AskHN: How to fund a DevBootcamp in a smaller city? - gremlinsinc

I live in Dayton, a largely .Net town, not too many web app companies around, and not many specializing in Rails - I want to change that - but one caveat is that I&#x27;m currently underemployed as a PHP developer @ $15&#x2F;hour, so w&#x2F; little money how can I start this endeavor, tried reaching out to companies to sponsor, but all I got was a lousy t-shirt from Stripe(no offense, very thankful for that lol..but won&#x27;t pay the startup costs..)
======
richsin
These bootcamps can pretty much fund themselves if put together properly.
Putting together a curriculum, finding a space, in a nutshell just putting
together a business plan.

From there I would set a price for the class and start doing pre-registration,
do a limited 10 seat first class and have people sign up if interested. An
instructor you can bring on board for a contract price for the duration of the
bootcamp.

I have seen this work out successful many times in the recent 6 months. Also
if your looking for something that is more for the community and less for the
profit, take a look at
[http://www.meetup.com/codecrewny/](http://www.meetup.com/codecrewny/). These
guys do meetups to go through the JS in 6-8 weeks curriculum
([http://javascriptissexy.com/how-to-learn-javascript-
properly](http://javascriptissexy.com/how-to-learn-javascript-properly))

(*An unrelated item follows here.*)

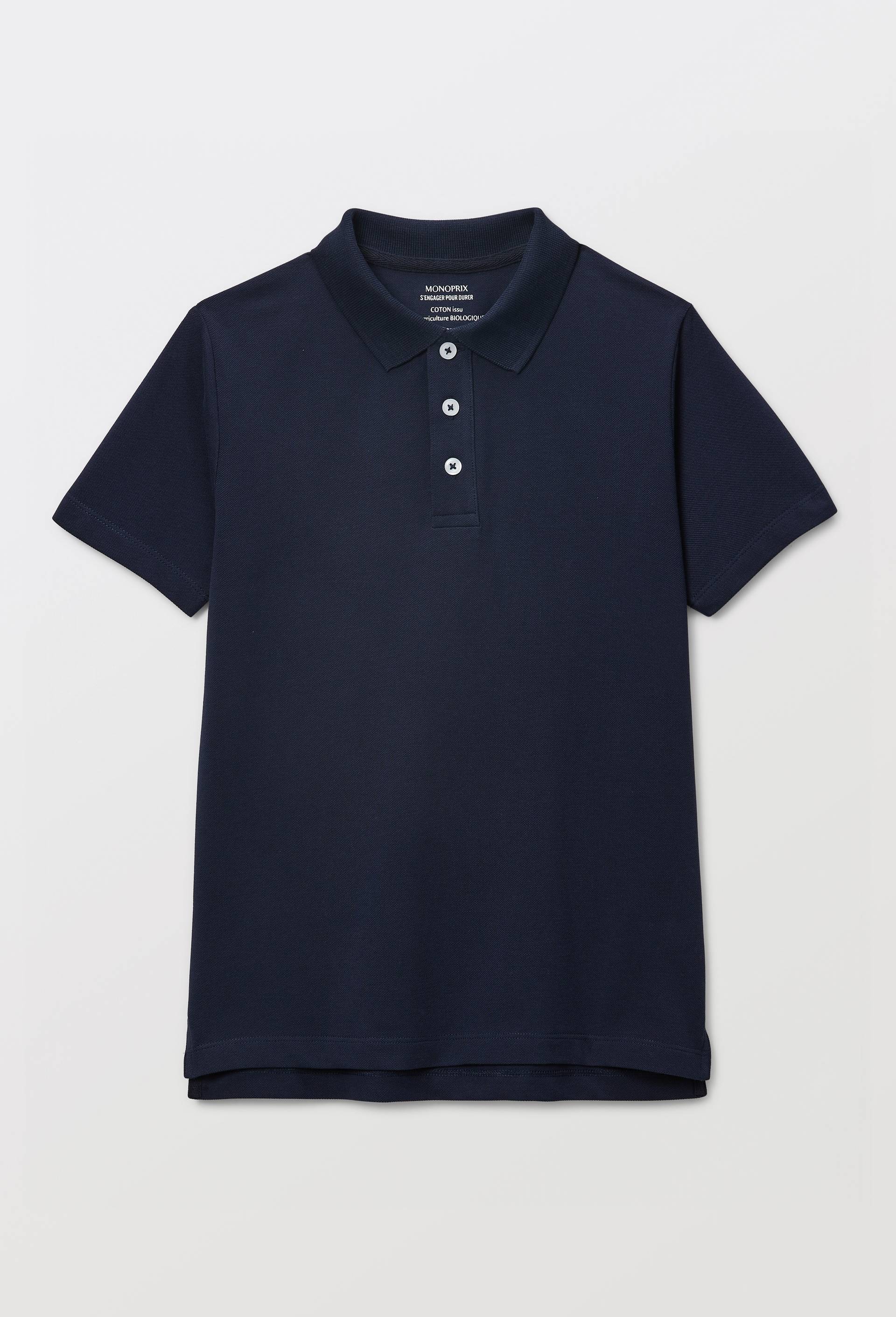 Polo manches courtes uni en coton BIO GOTS, Bleu fonc&eacute;, large image number 1.0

Since Rails is not prevalent, it's a great time to seize the opportunity of
building that following.

------
onion2k
In about 5 minutes I found 5 companies in Dayton who use open source tech for
web development[1]. I also found a web developer meetup group that's been
going for 6 years, has more than 350 members, and has a meeting in a couple of
weeks[2]. And a dynamic languages (e.g. Ruby) group with 46 members meeting
the week after that[3].

And I'm thousands of miles away in the UK.

There are people out there who can help. Get in touch with them. Don't try to
do it all yourself. Many, many people will volunteer time.

[1] [http://boldmove.co](http://boldmove.co),
[http://www.volotechnologies.com](http://www.volotechnologies.com),
[http://atomicinteractive.com](http://atomicinteractive.com),
[http://www.designchemistry.com](http://www.designchemistry.com),
[http://www.bitstormweb.com](http://www.bitstormweb.com)

[2] [http://www.meetup.com/dayton-web-
developers/](http://www.meetup.com/dayton-web-developers/)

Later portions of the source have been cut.